Source data —
┌──
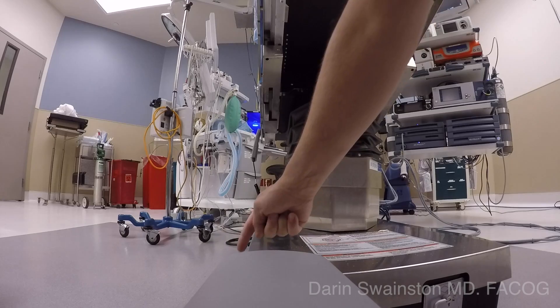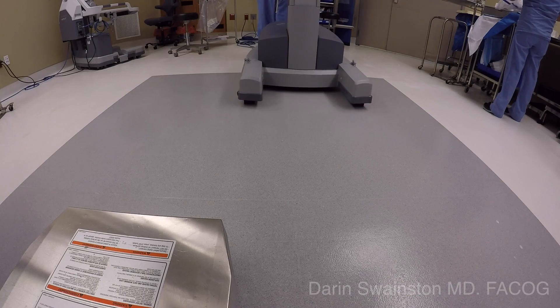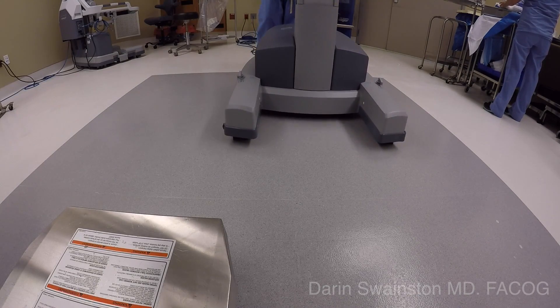It allows for the range of motion that comes from center docking, but it also allows for access between the legs as a result of having the cart off to one side.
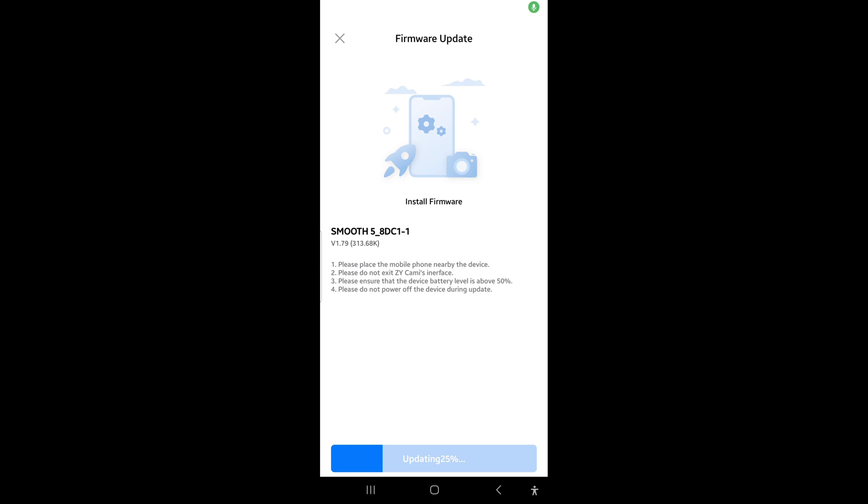All you have to do is keep your phone in the vicinity of the gimbal, then turn on Bluetooth on both devices. When you switch on the gimbal, it will ask for a connection to the phone. Once Bluetooth is on, both will be connected. The firmware can now be downloaded via Bluetooth. Enter the ZY Cami app, you will get a notification, click on it, and the firmware will download automatically into your phone and then via Bluetooth from the phone into the gimbal.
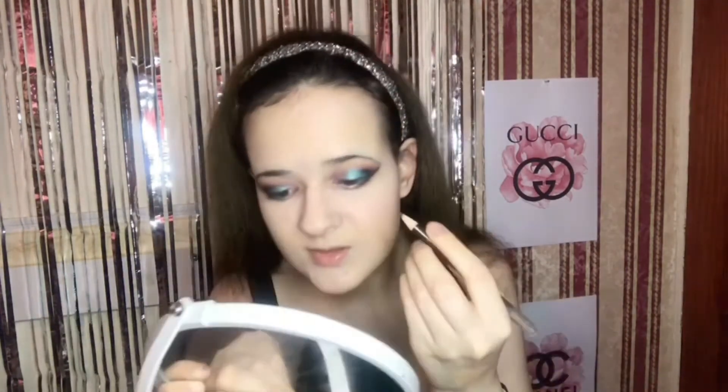And now we're going to move on to the eyebrows. I'm just going in with this brown brow pencil to shape them. I don't really do much to them because I do have my natural eyebrow hair. I'm just going to brush them out a little bit. And that's the eyebrows done.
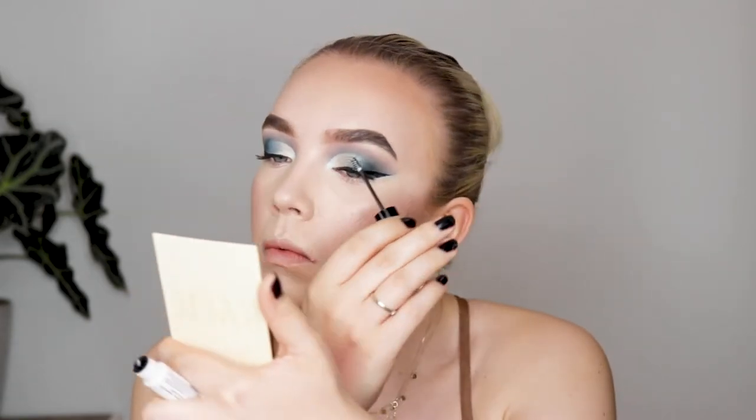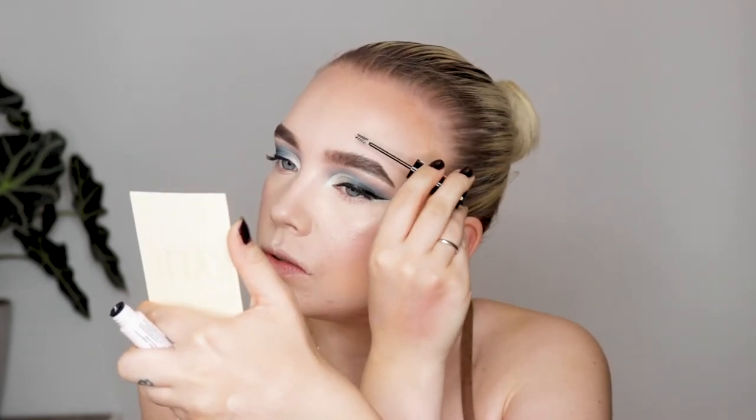Before I forget, I'm going to set my brows. I'm going to use the Bare With Me Hemp Brow Setter — that's so tiny and cute. Right now I just feel like it doesn't do very much, and I feel like this spoolie is too small. I guess we'll have to see when it dries.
└──
Work to be completed —
Take the line containing "And now we're" through the last line of the material and retype exactly those lines, both ends included, with no pictures.

Solution —
And now we're going to move on to the eyebrows. I'm just going in with this brown brow pencil to shape them. I don't really do much to them because I do have my natural eyebrow hair. I'm just going to brush them out a little bit. And that's the eyebrows done.
Before I forget, I'm going to set my brows. I'm going to use the Bare With Me Hemp Brow Setter — that's so tiny and cute. Right now I just feel like it doesn't do very much, and I feel like this spoolie is too small. I guess we'll have to see when it dries.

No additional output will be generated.